Three days ago I brought this handsome boy home to Phoenix Farm. His name is Garnet and he is a 7-month-old chestnut agouti angora. I particularly love his big eyes. Garnet was raised in Blue Hill, ME, about 1.5 hour drive east from us. Yet, surprise, surprise! His background has some of the same rabbitry as my current does. I believe his father is from the same breeder as my senior doe, a place down in southwestern ME, a two hour drive for us in a different direction! Oh well. They are not closely related. He should make a fine buck for my rabbitry.
Garnet is a real snuggle bunny. Males tend to like being held and fussed over more than females. Since he was a favorite of the lady who raised him, Garnet likely received lots of attention. He is also very interested in his girlfriends. I think they will make some lovely babies in the spring.
The agouti color is the wild pattern. Each hair has bands of color, just like a whitetail deer’s hair. Garnet is banded with cream, gray, and a bright chestnut red. In the photo below you can see the banding of the long hairs and also the red tips of the new coat coming in under the first fiber the rabbit grew. He is starting to shed his first coat and I will be harvesting him soon. The color of an angora rabbit is told by the face. The wild type pattern is quite visible on Garnet’s face.
When agouti fiber is spun, the yarn has a pretty variegated appearance that many people like to use. I’m hoping Garnet will produce some adorable agouti babies.
Meet the newest member of the Phoenix Farm rabbitry, Ruby, a chocolate angora doe. She was born here on the farm at the end of April. Although she is not yet six months old, she is the same size as her mother and her fiber coat is lush and long. The hairs are up to seven inches long! When this baby is full grown she could well produce hairs to eight or nine inches in length! Below is Ruby with some of her siblings in June.
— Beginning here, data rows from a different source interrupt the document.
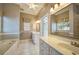 Bathroom with double vanity, soaking tub, and separate shower at 182 Monica St, Port Charlotte, FL 33954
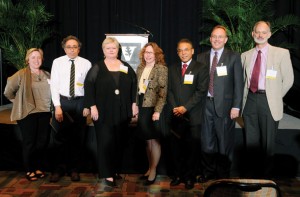 From left, Dean Carolyn Dever congratulates William P. Caferro, Lynn Enterline, Jane G. Landers, William Luis, James Patton and Carl Johnson, who were celebrated at a ceremony in May.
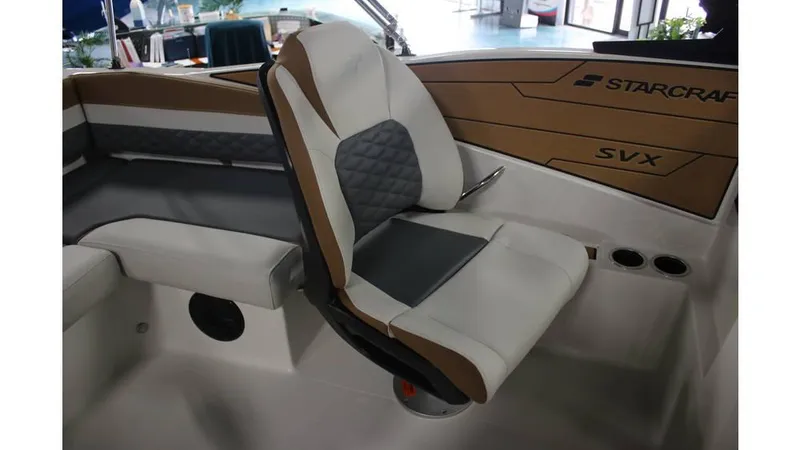 Slide: The Image of 2025 Starcraft SVX 190 OB DC boat interior with cushioned seating and modern design. - 3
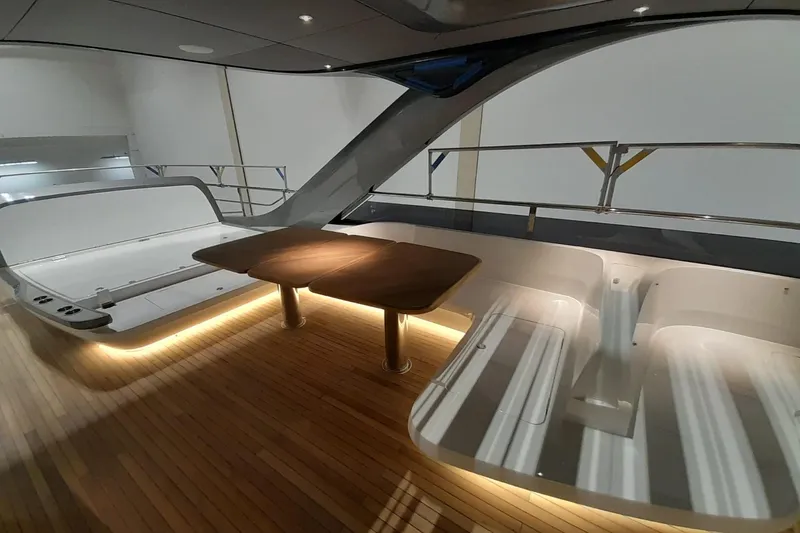  Yacht Photos Pics Luxurious interior of 2026 Princess Y80 yacht with elegant wood flooring and modern seating.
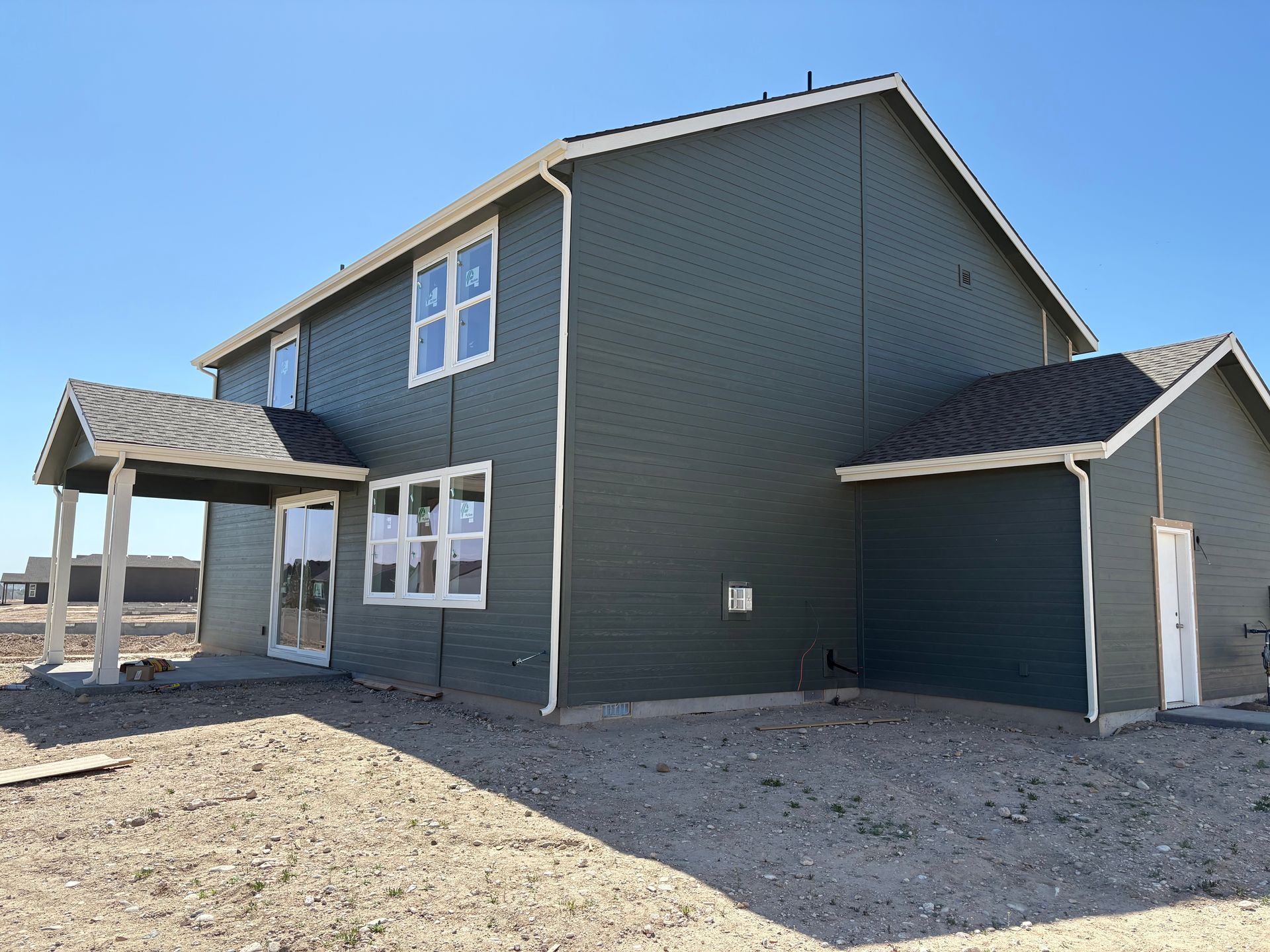 Two-story house with green siding, white trim, and a small porch on a dirt lot under a blue sky.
Ruby was named by my granddaughters. I think the name fits perfectly. She is a gem of a bunny! Her parentage is mostly French angora with English, German and Giant mixed in. The ears and face show her ancestry as French angoras tend to have very little long fiber in those areas. The German and Giant in her contribute to her large size. Bigger rabbits produce more and longer fiber.
I have just started harvesting her first shedding of fiber. Our rabbits are hand pulled, a process that does not cause the rabbit any discomfort since only the mature, loose hairs are removed. When she is done harvesting, her coat will be about two inches long instead of the current six to seven inches. She feels like a big fluff ball, all fur covering a much smaller bunny body underneath. The fiber is excellent quality with a superior length, lovely cream color shading to brown and grayish-brown at the tips, with a good crimp. I know it will spin up into gorgeous yarn!
Ruby shares an over-sized, comfortable cage with her mom, Moonstone. Frequently they come out to hop around the barn. Moonstone loves to dig holes! Mother and child really enjoy being together and I will try to house them in this manner for companionship. It is harder to keep angoras in groups because the constant rubbing together of their coats creates mats. They will require more frequent grooming. It is the least I can do for bunnies who are so generous with their fiber.